Лев у ног девушки. Убийца, понесший наказание


   Эвтибида не была заурядной женщиной; разум у нее всегда подчинялся порыву страстей, а страсти были чрезмерны. С нежного возраста она была брошена похотливой волей развратного патриция в самые отвратительные, грязные оргии и бесстыдные сатурналии и потеряла два наиболее прочных щита, защищающих сердце женщины, — целомудрие и сознание дурного.
   Она не знала удержу в желаниях: она добивалась того, чего желала, не считаясь ни с какими последствиями; для нее добром было удовлетворение ее желаний, хотя бы другие и страдали от этого, и с непоколебимым упорством, с дикой силой воли она всегда добивалась цели.

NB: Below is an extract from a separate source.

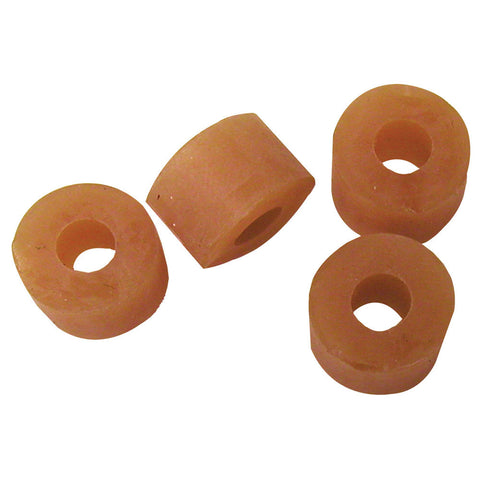 Rubber T-Lock Blanket Fasteners (4 Count)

   Пресыщенная наслаждениями, несметно богатая, окруженная поклонением наиболее изящных щеголей и богатых патрициев Рима, она увидела Спартака во всем блеске его красоты, его мужества и силы, победителем в кровавом бою в цирке. Как раз в это время жизнь для нее не представляла уже никакой привлекательности, никакого соблазна и не обещала уже никакого счастья. Увидев Спартака, она увлеклась им, думая, что ей легко удастся удовлетворить свой каприз, и предвкушала в своем пылком воображении опьянение этой новой любовью, которая пришла как раз кстати, чтобы нарушить монотонность жизни, ставшей для нее невыносимой.
   Но когда на этом пути появились неожиданные препятствия, когда она увидела, что Спартак нечувствителен к ее прелестям — предмету желаний стольких сердец, когда она узнала, что другая женщина оспаривала власть над любимым человеком, неудовлетворенное желание и бешеная ревность воспламенили воображение куртизанки; бурно закипела ее кровь, мимолетный каприз превратился в дикую страсть, страсть, которая в такой порочной, энергичной и решительной душе, как у Эвтибиды, очень быстро дошла до крайности.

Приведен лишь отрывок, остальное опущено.